Dedengkot aktivis Angkatan ’66 juga penulis-penulis hebat. Sebut di antaranya: Arief Budiman, Soe Hok Gie, Rahman Tolleng, Goenawan Mohamad, Nono Anwar Makarim, Dawam Rahardjo, dan lain-lain. Soe Hok Gie menulis buku yang sangat popular: Catatan Seorang Demonstran. Arief Budiman (kakak Gie) menulis banyak buku dan artikel di media-media massa. Artikel Arief, di antaranya, berisi kritik-kritik terhadap kebijakan pemerintahan Orde Baru. Rahman Tolleng banyak menulis di koran Mahasiswa Indonesia. Sementara Goenawan Mohamad hingga kini masih aktif menulis “Catatan Pinggir” di Majalah Tempo. Juga isinya berupa kritikan-kritikan terhadap kekuasaan dan ketidakadilan.
Tokoh-tokoh aktivis Angkatan ’98
juga hebat menulis. Beberapa nama bisa saya sebutkan, sebagai contoh saja, misalnya:
Budiman Sudjatmiko, Nezar Patria, Andi Arief, Ken Budha Kusumandaru (aktivis
PRD), dan banyak lainnya. Saya sudah pernah melihat dan membaca
tulisan Budiman Sudjatmiko di Harian Kompas. Judulnya: “Sosialisme Jiwa
Konstitusi Kita”. Bahkan, banyak tulisan Budiman Sudjatmiko sekarang bisa
dibaca di blog pribadinya: budimansudjatmiko.net.
Aktivis menulislah!
Nah, tak banyak aktivis
kini—terlebih mereka yang cuma ngaku-ngaku saja sebagai aktivis—yang
menyadari hal ini. Dan saat ini, yang mengaku aktivis, bukan hanya tak
mencintai aktivitas menulis, mereka bahkan tak punya skill menulis sama sekali.

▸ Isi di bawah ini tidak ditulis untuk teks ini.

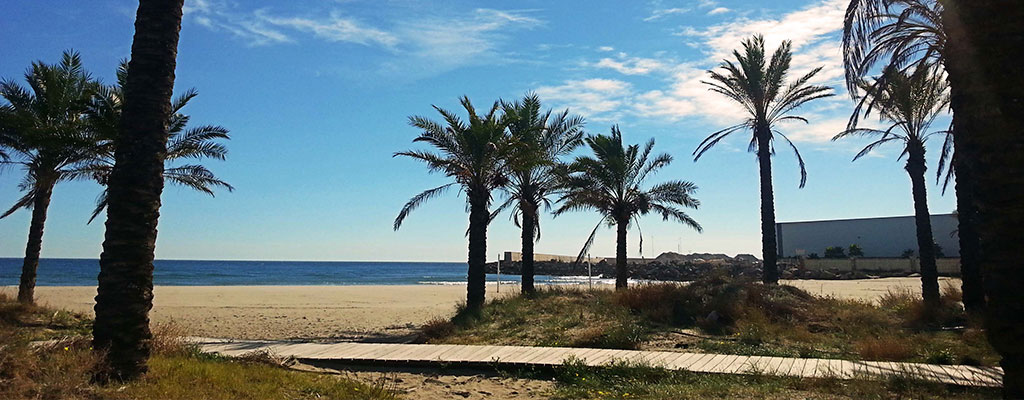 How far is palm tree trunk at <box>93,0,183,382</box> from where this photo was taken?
256 inches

Itu mungkin disebabkan karena kurang membaca. Padahal, aktivis itu identik
dengan pembaca dan pemikir. Dan pemikiran-pemikiran itu mesti mereka tuangkan lewat
tulisan-tulisan agar dibaca oleh orang lain, sehingga orang lain bisa
digerakkan lewat tulisan-tulisan itu: tulisan bisa berupa pencerahan, kritikan-kritikan,
solusi tentang suatu masalah, ide-ide brilian, pemikiran-pemikiran progresif,
kegelisahan intelektual, gagasan-gagasan kemajuan, dan lain sebagainya.
Tulisan, daya jangkaunya lebih
luas ketimbang bahasa lisan. Pengaruh tulisan pun lebih kuat ketimbang ucapan
verbal. Tulisan dapat dibaca dan dapat mempengaruhi ribuan bahkan jutaan orang
di mana dan kapan pun. Sementara bahasa lisan bisa dilupakan orang beberapa
menit setelah diucapkan. Bandingkan kutbah Jumat dengan
buku, misalnya. Isi kutbah pada Jumat yang lalu sulit diingat kembali secara detail. Tapi
buku, kalau pun kita lupa, kita masih bisa buka dan baca kembali. Itu sekedar contoh
keunggulan tulisan. Ingat, peribahasa dalam bahasa Latin: "Verba
volant, scripta manent; kata-kata lisan terbang, sementara tulisan
menetap." Bahasa tulisan lebih abadi ketimbang bahasa lisan.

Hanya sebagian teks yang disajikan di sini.